Transforming and Visualizing Live Stream Data in Jupyter Notebook

Jupyter Notebook is an intuitive platform for creating and sharing data-driven projects. It combines code, output, and visualizations in a readable format. You can easily import libraries like Pandas, Plotly Express, and TensorFlow for advanced data science and machine learning tasks.

While Jupyter Notebook typically works with static data (e.g., CSV files), handling data streams requires a different approach. Stream processing is crucial for scenarios like real-time financial transactions or live sensor data, where new information is constantly generated and consumed.

RisingWave is a distributed streaming database that supports real-time data processing, ingestion, and transformation.
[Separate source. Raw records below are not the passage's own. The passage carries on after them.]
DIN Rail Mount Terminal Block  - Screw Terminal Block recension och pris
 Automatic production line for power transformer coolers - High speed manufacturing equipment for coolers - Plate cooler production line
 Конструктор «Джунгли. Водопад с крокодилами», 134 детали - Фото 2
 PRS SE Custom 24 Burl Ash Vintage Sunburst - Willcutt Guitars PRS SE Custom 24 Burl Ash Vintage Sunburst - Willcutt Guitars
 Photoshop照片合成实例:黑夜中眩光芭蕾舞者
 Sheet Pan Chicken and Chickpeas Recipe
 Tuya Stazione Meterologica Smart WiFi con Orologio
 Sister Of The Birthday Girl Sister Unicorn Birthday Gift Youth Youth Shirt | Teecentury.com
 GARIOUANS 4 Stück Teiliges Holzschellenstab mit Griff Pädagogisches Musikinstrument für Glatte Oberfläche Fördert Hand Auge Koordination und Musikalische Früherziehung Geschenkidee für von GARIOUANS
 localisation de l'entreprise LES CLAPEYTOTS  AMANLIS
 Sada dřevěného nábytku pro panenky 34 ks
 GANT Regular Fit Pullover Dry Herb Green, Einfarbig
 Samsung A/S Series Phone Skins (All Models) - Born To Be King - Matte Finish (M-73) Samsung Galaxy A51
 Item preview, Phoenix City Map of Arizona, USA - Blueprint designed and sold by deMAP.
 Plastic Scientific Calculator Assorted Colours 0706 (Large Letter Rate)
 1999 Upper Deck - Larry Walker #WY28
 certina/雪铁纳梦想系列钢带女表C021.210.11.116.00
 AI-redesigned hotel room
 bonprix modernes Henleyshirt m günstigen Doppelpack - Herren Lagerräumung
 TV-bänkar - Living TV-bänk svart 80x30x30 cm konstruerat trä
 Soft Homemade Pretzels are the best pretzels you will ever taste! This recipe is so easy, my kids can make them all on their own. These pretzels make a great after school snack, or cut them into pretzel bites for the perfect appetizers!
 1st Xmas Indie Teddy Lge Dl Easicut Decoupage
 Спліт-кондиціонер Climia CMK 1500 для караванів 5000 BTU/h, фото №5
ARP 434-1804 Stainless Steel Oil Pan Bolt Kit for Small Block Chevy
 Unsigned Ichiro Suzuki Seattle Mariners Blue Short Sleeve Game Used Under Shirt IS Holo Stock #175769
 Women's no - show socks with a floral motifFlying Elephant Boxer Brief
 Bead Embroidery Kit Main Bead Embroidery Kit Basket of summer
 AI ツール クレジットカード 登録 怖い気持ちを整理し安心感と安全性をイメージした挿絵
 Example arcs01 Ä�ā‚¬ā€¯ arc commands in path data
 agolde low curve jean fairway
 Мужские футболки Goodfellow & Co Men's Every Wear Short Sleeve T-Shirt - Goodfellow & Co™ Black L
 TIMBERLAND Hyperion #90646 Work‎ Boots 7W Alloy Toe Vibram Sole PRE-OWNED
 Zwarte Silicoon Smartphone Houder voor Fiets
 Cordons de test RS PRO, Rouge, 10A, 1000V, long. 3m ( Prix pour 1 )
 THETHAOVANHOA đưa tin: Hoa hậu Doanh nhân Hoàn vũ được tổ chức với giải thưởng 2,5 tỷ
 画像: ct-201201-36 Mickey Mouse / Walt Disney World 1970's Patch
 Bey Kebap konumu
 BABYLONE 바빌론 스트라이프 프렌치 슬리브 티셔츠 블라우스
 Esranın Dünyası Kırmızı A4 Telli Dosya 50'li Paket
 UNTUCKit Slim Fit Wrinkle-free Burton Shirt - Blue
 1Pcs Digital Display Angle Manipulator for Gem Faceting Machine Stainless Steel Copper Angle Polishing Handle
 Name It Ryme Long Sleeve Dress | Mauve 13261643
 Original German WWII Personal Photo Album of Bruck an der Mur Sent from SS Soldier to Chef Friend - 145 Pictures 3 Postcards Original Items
It allows you to:

Create materialized views using SQL commands
Store and incrementally update query results
Provide up-to-date analysis results
Use PostgreSQL-compatible drivers for easy integration

This blog demonstrates how to use Jupyter Notebook with RisingWave to transform and visualize streaming data. The process involves:

Creating periodically updated visualizations
Connecting to RisingWave using Psycopg2
Ingesting data from a messaging queue with SQL commands
Transforming and analyzing the data

Set up RisingWave

In this tutorial, we will use RisingWave Cloud. You can sign up for a free account to test this process out. Alternatively, there is an option to deploy locally available. See the Quick start for detailed instructions.

Create a RisingWave Cloud project

To get started with RisingWave Cloud, visit RisingWave Cloud and its corresponding Quick start guide for instructions on creating a project.

Obtain host address

Before connecting to Jupyter Notebook, find the relevant host address of RisingWave. To do so, navigate to the project page and select the project containing the target database. Click on Connect and select Connection String under the startup mode option. Save this connection for future use. The host address component of the connection string is highlighted below.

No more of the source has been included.